The Buck Doesn’t Stop Here

I heard a story about the Internet Center for Corruption Research this morning (on NPR, I think) and I am starting to think that corruption really should be some sort of subcategory in the academic study of contemporary U.S. universities. On Monday, I listed recent examples from Illinois, but today I find even more stories from elsewhere; these involve institutionalized form of corruption but perhaps individual corruption as well.

Administrators at Harvard managed to report both a budget shortfall requiring program and a million or so in bonuses for the “two Cadillacs” crowd. (“Bonuses and Furloughs“).  Other reports note the ongoing move to shift the cost of college to the individual (“Colleges Increasingly Dependent on Tuition, U.S. Study Shows“) and, on the for profit side, another lawsuit joined by the Justice Department (“For-Profits and the False Claims Act“).

 

The Market Religion in Academia

Over the last three or four decades the growing influence of neoliberalism– in brief, the irrational worship of markets– has steadily shifted the costs of education away from the collective– in the U.S., federal or state governments– and towards students and families in the form of student loans. As that loan burden nears a trillion dollars, you’d think that we’d hear increasing calls to shift the costs of college back where it belongs, with the collective.

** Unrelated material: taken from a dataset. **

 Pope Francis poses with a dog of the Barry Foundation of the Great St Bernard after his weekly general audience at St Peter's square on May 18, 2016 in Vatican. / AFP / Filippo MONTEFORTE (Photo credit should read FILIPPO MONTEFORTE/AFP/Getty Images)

Despite some calls for a mass forgiveness of student debt, this hasn’t happened. Instead, the current status quo has become so naturalized that even the most “enlightened” seeming propositions are too often nothing more than repetitions of the economic orthodoxy’s insistence that “full market transparency” will make sure that the greater good is served.  That’s what seems to be happening in Jeff Selingo’s “Taking Some of the Guesswork Out of the Value-of-College Question.”

Selingo rightfully asserts that a college degree should have both a humanist or existential dimension– cultivating democratic citizenry capable of critical thinking and decision making– as well as  a vocational element. Education should be linked in some fashion to the world outside the university.  Even if we knew exactly who got jobs after graduation, and why, though , we’d still have the question of how to fund higher education; information can’t solve that problem.

Juxtaposition and Critical Thinking

Continental European capitalism, which combines generous health and social benefits with reasonable working hours, long vacation periods, early retirement, and relatively equal income distributions, would seem to have everything to recommend it – except sustainability.

Is Modern Capitalism Sustainable“– Kenneth Rogoff

Mike Konczal assembles some striking quotes from Federal Reserve transcripts showing how obsessed the monetary overlords are with keeping wages down. I won’t recycle any of the quotes—check out his post for the full flavor.

The Fed and the Class Struggle” — Doug Henwood

Here’s an juxtaposition that might be used to teach critical thinking. The contrast between these two ways of seeing the economy isn’t simply a matter of right and wrong, yes and no, or even “subject positions,” although that certainly has a role.  Rogoff is an academic at Harvard and a former IMF economist.  It’s in his self-interest to support capitalism, of course, since he has so much riding on it.  He’s no apologist though and he’s in a bleak mood. Henwood’s successful too, but far outside the academic charmed circle.

What’s interesting is that Rogoff seems at a loss for words when it comes to the crisis undergoing capitalism. The most generous forms, he says, without any explanation, are “unsustainable.” Reading Henwood next to Rogoff gives us a sense of the reality behind the assertion.  No market is going to create what Rogoff calls “a better balance between equality and efficiency.”  Once we pull back the curtain, it’s the political struggle over resources–aka the class struggle– that lies at the hear our current problems and our hope of any solution.

How Corrupt is Corrupt

There you have it. A concise summary of what’s wrong with present corporately driven education change: Decisions are being made by individuals who lack perspective and aren’t really accountable.

Those decisions are shaped not by knowledge or understanding of educating, but by ideology, politics, hubris, greed, ignorance, the conventional wisdom, and various combinations thereof. And then they’re sold to the public by the rich and powerful ( Marion Brady, “When an adult took standardized tests forced on kids“).

The economist Doug Henwood has long contended that the problem with the U.S. economy now isn’t just the ordinary cyclical ills of capitalism but a deeper malaise rooted in a decadent ruling class. It’s decadent in the specific sense that it no longer understands what it needs to do to keep capitalism running beyond the next quarter’s profits. Short term thinking has become paradigmatic and self-defeating.

It sounds like that might be good news. If the  current ruling class collapses, then maybe some other sector of capital, more amenable to reason, might fill the power vacuum. We all hope that we are reaching the end of another gilded age, and that as Obama would seem to suggest, witnessing the birth of a new progressive politics that will re-boot the thinking of our rulers and allow us to get at least some of our money back.

No one’s talking revolution; it’s all about undoing the worst damages of the Regan era market religion so that capitalism can resume its formerly dynamic march towards the future. I don’t mean to be cynical but this sort of hope only goes so far. Still, I think the hope is real, particularly when mainstream educators like Brady are using this sort of language.  She sounds like Henwood. The emperor looks more naked all the time.